They believe the only right you have to deserve those things is if you earn that by working.
Not working on how to be happy and how to contribute in a way that means potentially more, but may not have the instant capitalist gratification.
What any decent party in this country has to have as its basic premise is that students can live poor but healthy ,that means a living income.That is our insurance we pay for in tax, our insurance policy.
And some people will be students for all their life, and everyone has the right to turn back into a student again, even it is just one of life.
I wonder if this argument is lost on the LNP and I think it is the type of question that Labor can now ask themselves.

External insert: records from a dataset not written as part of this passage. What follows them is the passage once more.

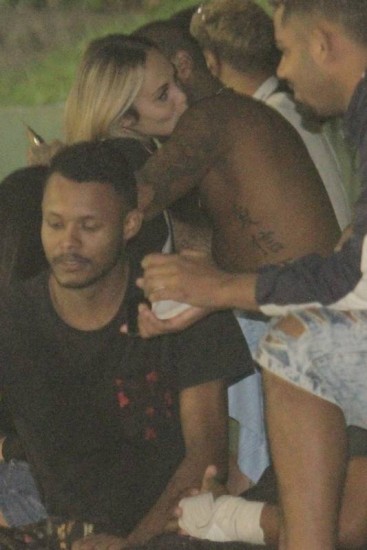 Rapper Orochi e Lara Jucá se beijam durante 'pelada' em condomínio na Barra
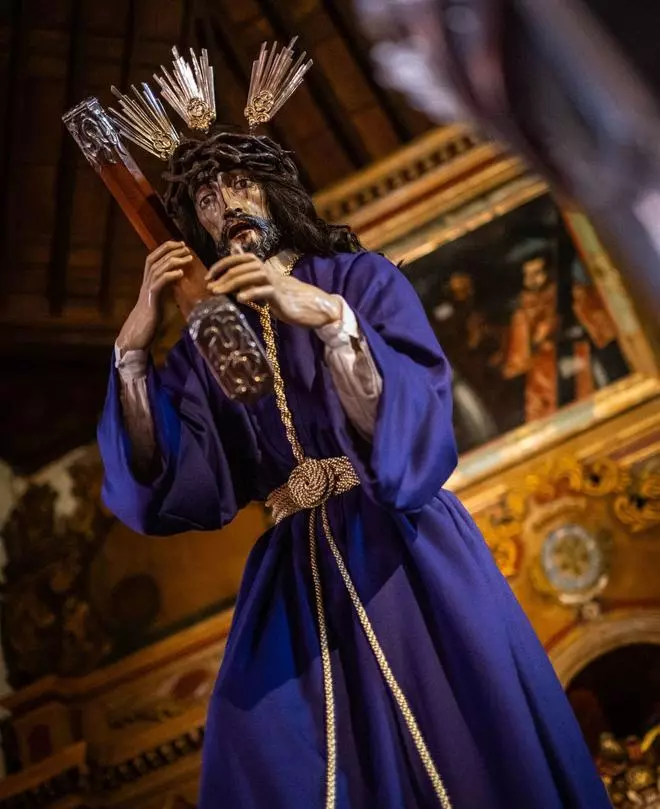 El Nazareno, portada del programa de la Semana Santa con 40 procesiones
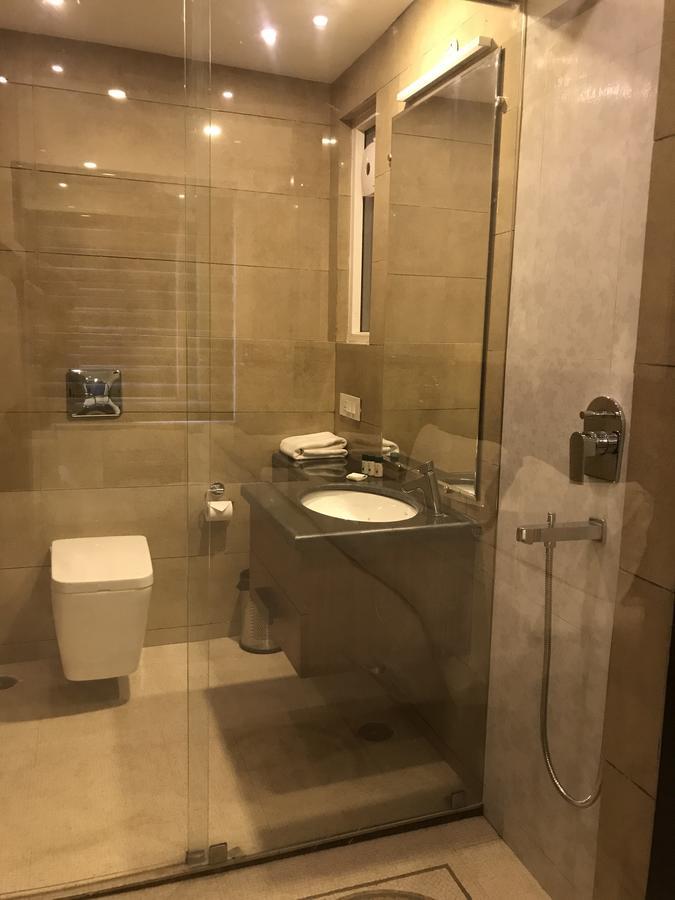 Holy River Hotel Rishikesh Bagian luar foto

I think the internet itself offers the nearest thing we have as a model for how the tech giants can be socialised. The idea of Amazon+Google+Facebook+Twitter combined and under state control in the USA is. let’s face it, a nightmare, and a popular revolution in the US wouldn’ make it more attractuive, to my mind. What needs to be regulated is the language and protocols by means of which these and other internet entities interact. The internet protocol is the first step in this. Without the internet protocol I guess none of them could exist. You want a situation where I could set up a search engine which could query the same data as Google, sell products on my shop front and see them listed on amazon as well and have my social media platform making friends with my facebook friends seemlessly.
I don’t know how that could be done, but I’m sure that with the power of the state it could be made to happen.
What does this mean?
The internet protocols are not secret or proprietary: they are pubilc documents.
You can build a search engine and it can query exactly the same data as Google. That’s just the combined world-wide web: all that is published over the HTTP(S) protocol from every web server in the world. That’s a big job: only four companies currently bother to do it, and only one does it well (Google; the other three are Bing, Baidu and Yandex. Duck Duck Go is a Bing reseller.)
You can set up web-based shop fronts and sell products. You can even list them on Amazon, I imagine: that’s between you and Amazon.
What is it that you imagine that the state (or its power) would do for you on that front? Maybe just fund you (and your data-center) for the ten or twenty years that it would probably take to get up to scale/speed? OK. Nice work if you can get it.